**YOUR GOAL:**
With the pictures omitted, repeat exactly the lines below starting with the line that has "Coated Canvas Top Handle Bag Brown" and going on through the line that has "Summer Flowers Lampshade 11x24cm w/Base".

**SOURCE RECORDS:**
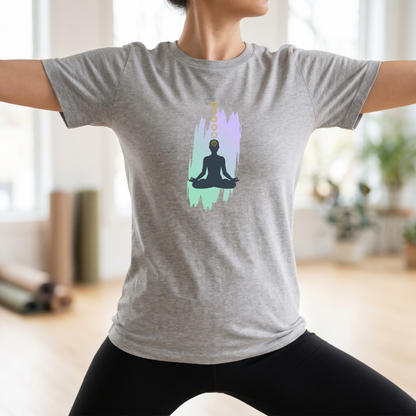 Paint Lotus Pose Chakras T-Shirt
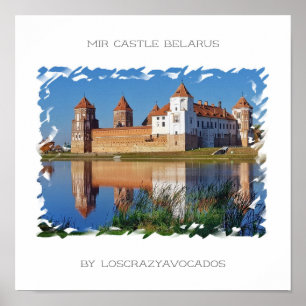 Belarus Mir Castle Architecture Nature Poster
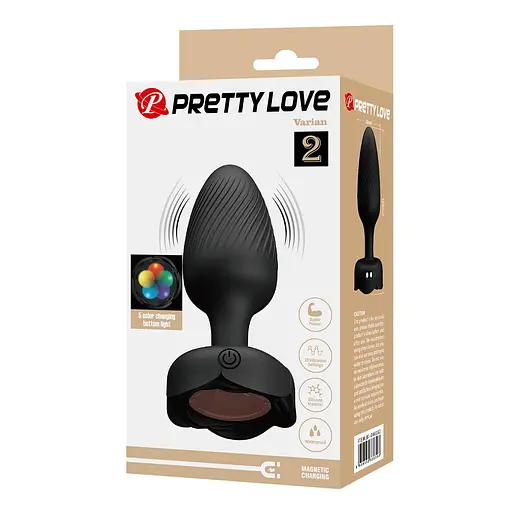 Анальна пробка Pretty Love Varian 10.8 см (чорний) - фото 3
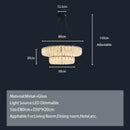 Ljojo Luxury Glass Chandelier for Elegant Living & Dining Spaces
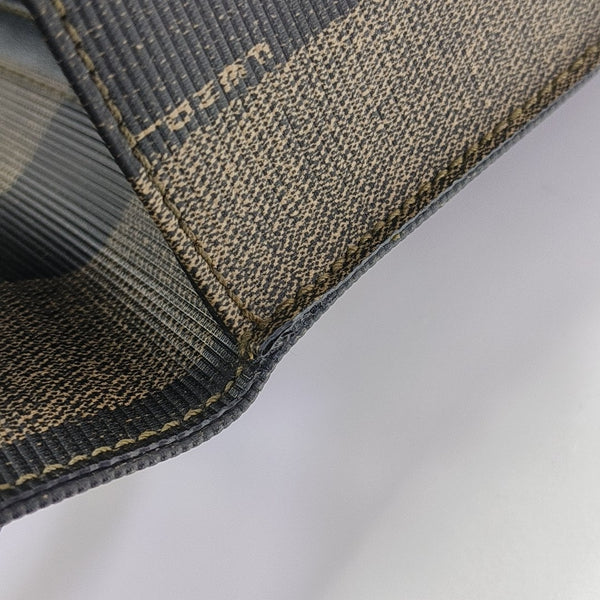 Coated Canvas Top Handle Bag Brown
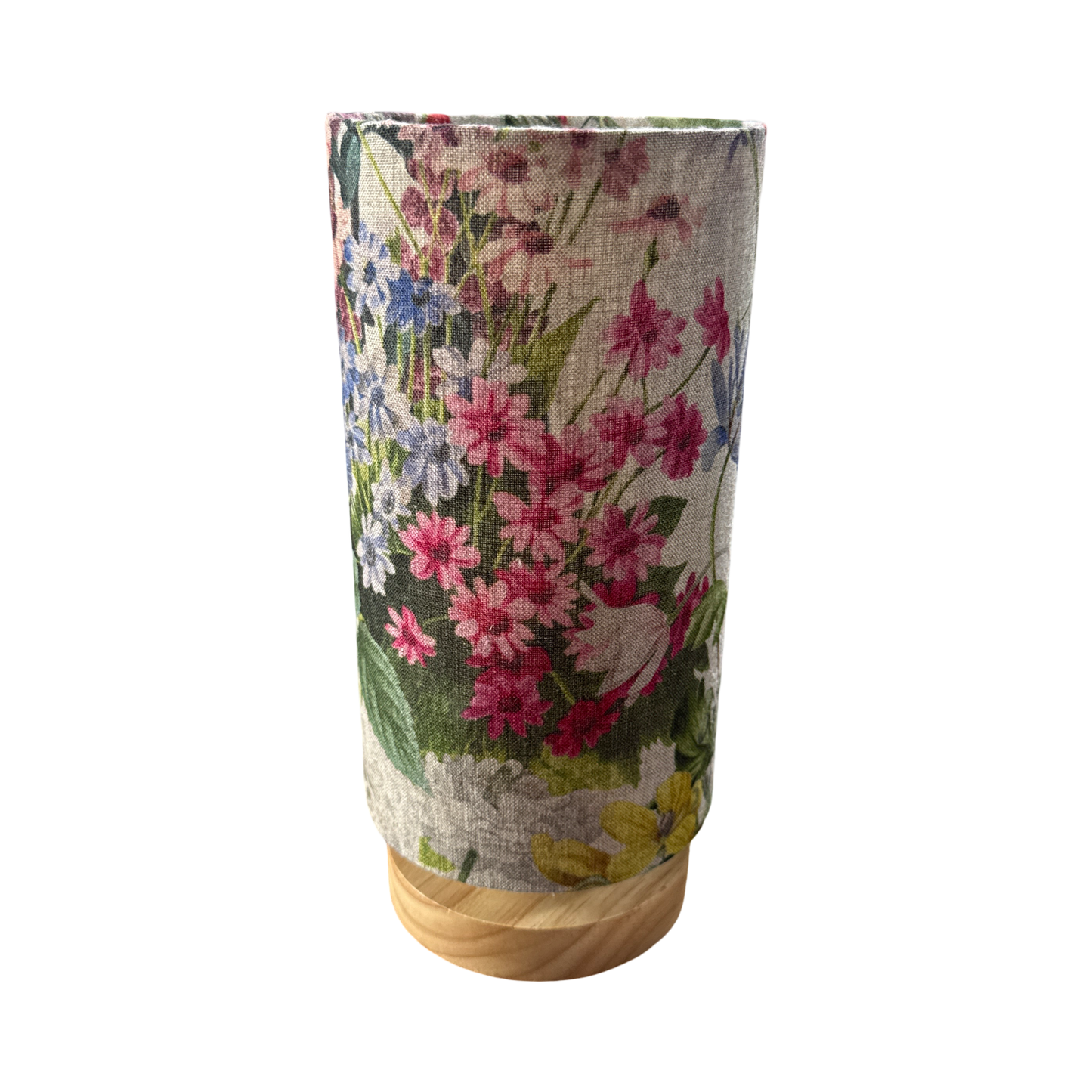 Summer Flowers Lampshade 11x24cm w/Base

...

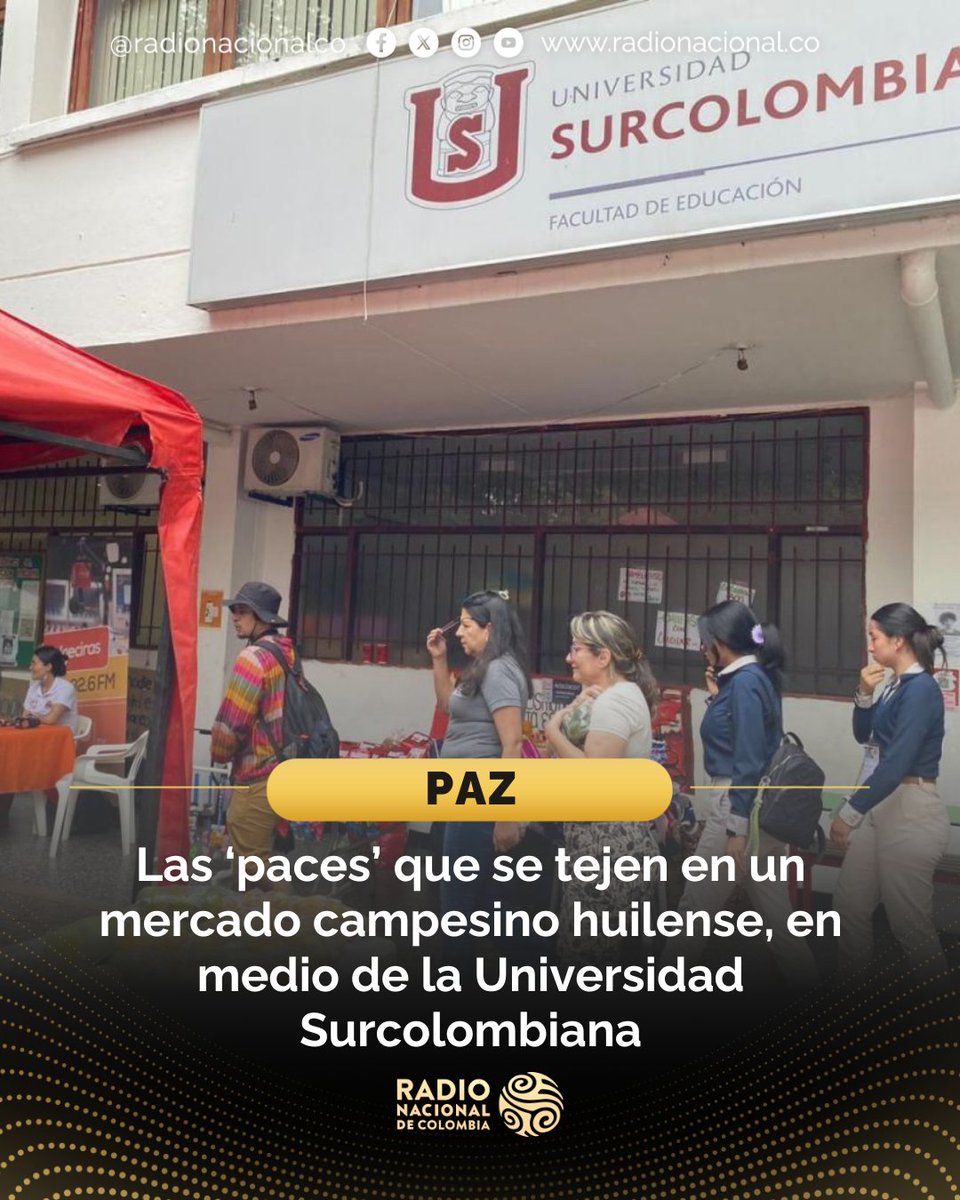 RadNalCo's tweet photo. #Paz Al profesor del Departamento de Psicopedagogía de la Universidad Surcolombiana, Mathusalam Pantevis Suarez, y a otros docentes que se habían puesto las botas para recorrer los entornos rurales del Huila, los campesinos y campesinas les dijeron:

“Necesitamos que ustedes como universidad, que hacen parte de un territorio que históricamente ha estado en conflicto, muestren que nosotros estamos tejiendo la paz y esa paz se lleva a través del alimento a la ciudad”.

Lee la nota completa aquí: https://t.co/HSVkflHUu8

**ANSWER TO THIS EXERCISE:**
 Coated Canvas Top Handle Bag Brown
 Summer Flowers Lampshade 11x24cm w/Base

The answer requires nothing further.